Yesterday, three suspects believed to be tied to the March church bombings in Lahore’s Christian majority neighborhood of Youhanabad were killed by police. The police had taken the suspects to a village where they were to retrieve suicide vests and weapons as part of their investigation when they reportedly came under attack from militants attempting to rescue the three suspects. In the process of the shootout, the three suspects were killed by police. Extra-judicial killings by police are not uncommon in Pakistan. Many Christians are disappointed that the suspects were not brought to justice through Pakistan’s court system showing that the Christian community is a valuable part of Pakistan’s society.
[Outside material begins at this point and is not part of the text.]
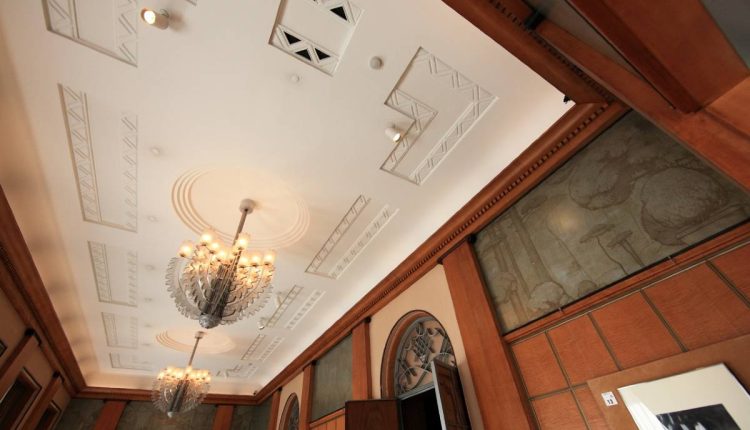 plafond séjour art déco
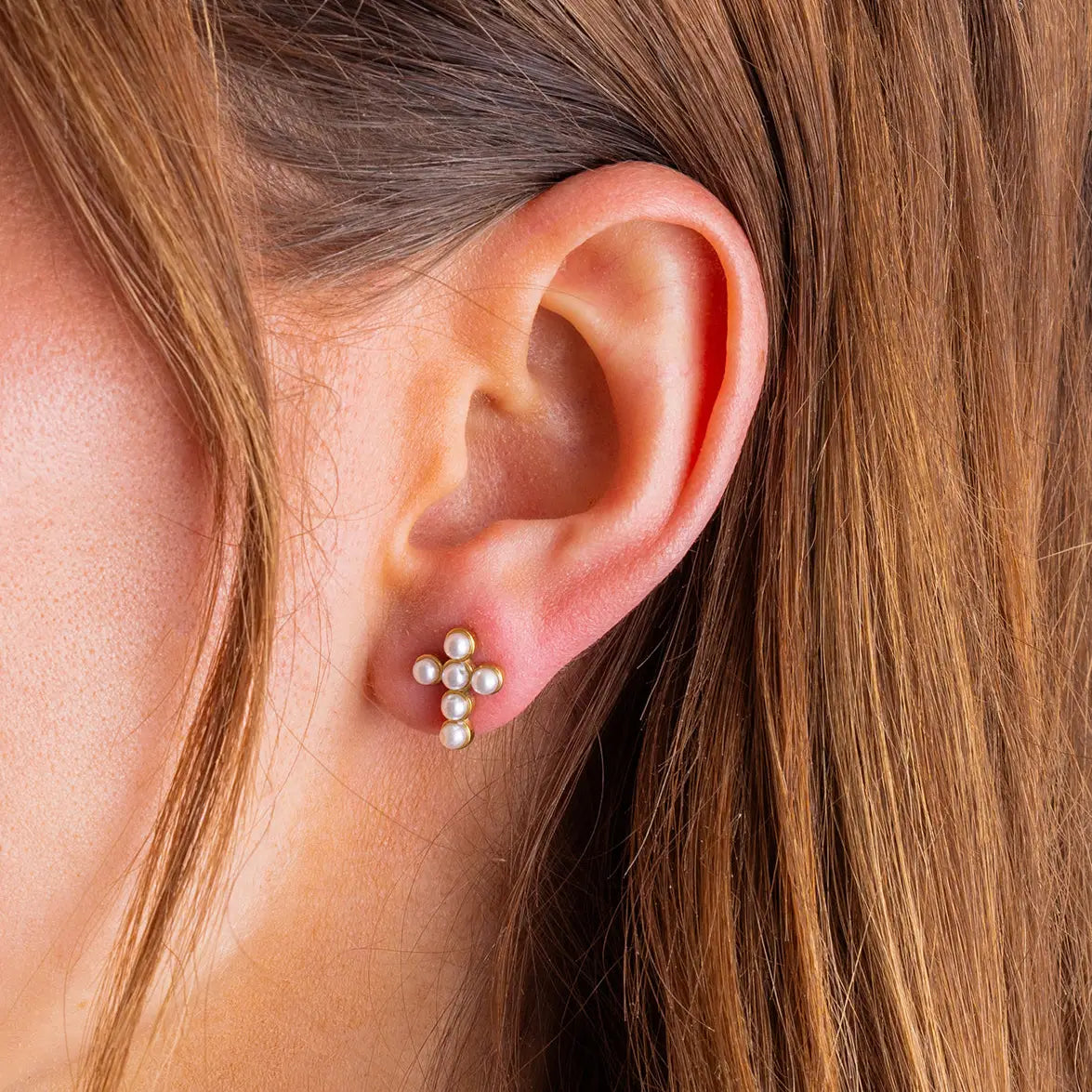 Faith Cross Earrings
9/3/2015 Pakistan (Daily Times) – Three suspects believed to be involved in the Youhanabad Church attack were shot by the police on Tuesday, during a raid in a village where they had taken suspects to retrieve suicide vests and weapons as a part of the investigation.
Those affected by the attack have been awaiting justice for months. There is no denying that the perpetrators of the Youhanabad Church blasts must be brought to justice to show the Christian community that they are valuable citizens of Pakistan and that their persecution will not be tolerated by the state.
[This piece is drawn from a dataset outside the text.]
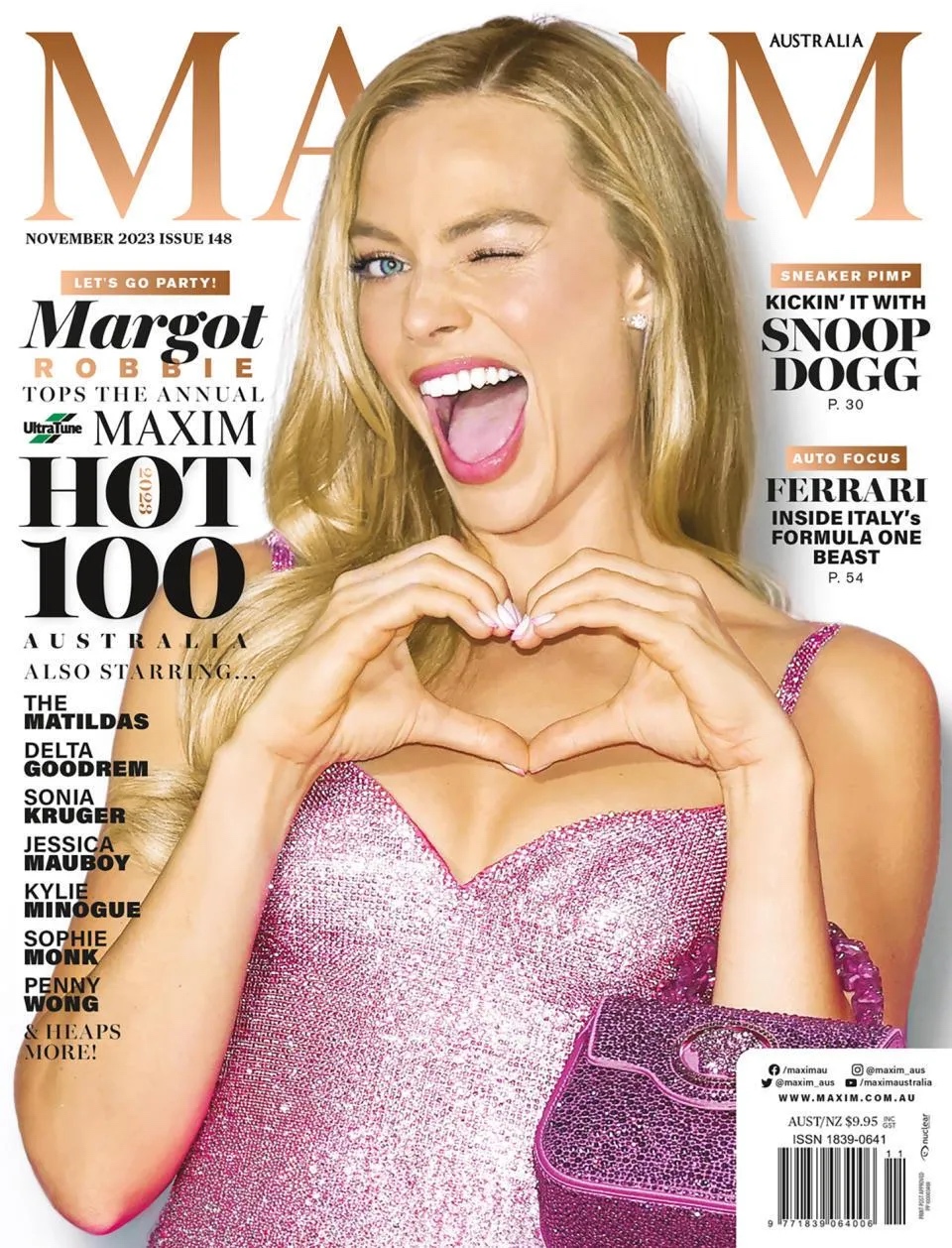 Марго Робби возглавила список самых сексуальных женщин года от журнала Maxim (фото) фото 1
Although Pakistan has a history of violence against religious minorities, particularly Christians, the Youhanabad attacks were the only incidents in recent history that led to a massive public outcry and civil unrest in Lahore. The deaths of innocent Christians attending church brought out the underlying hostility between the Muslim majority and the disenfranchised minorities in Pakistan. This incident does not, however, feel like justice or even vindication. Since the trial of the suspects was still ongoing, it cannot be determined whether the three men who were killed where actually the perpetrators of the attack.
The police’s story that militants tried to rescue their colleagues and this led to a shootout in which all the suspects were killed has become a familiar one. After the similar death of Lashkar-e-Jhangvi leader Malik Ishaq, the killing of suspects in police custody during ‘shootouts’ has become a regular occurrence.
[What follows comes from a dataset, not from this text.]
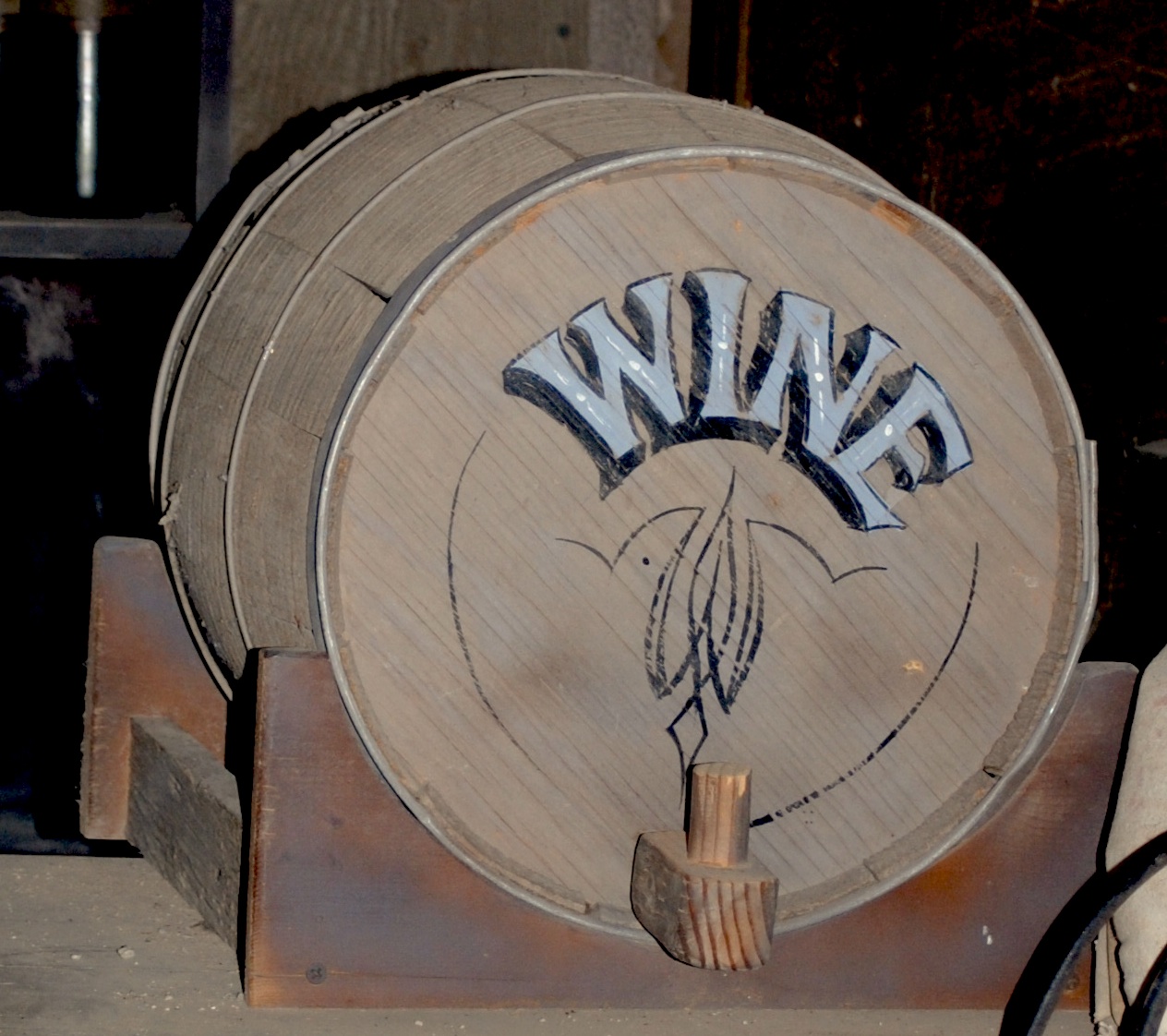 Roger's Grapevine The Wine Guy Over A Barrel!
Of course, if suspects or militants begin firing at police officials, they have every right to defend themselves. However, these police encounters, which are always shrouded in mystery, should not be used as an excuse to execute suspects extra-judicially. Police departments and investigation agencies need to have a mechanism in place to record and monitor these police encounters. There need to be internal investigations into police shootings to rule out any wrongdoing on the part of police officers.
Although it is probably true that not all police officers are corrupt and many valiant officers have risked their lives in the government’s bid to fight terrorism countrywide, there has to be a system of accountability so that the police does not use this drive to become even more brutal.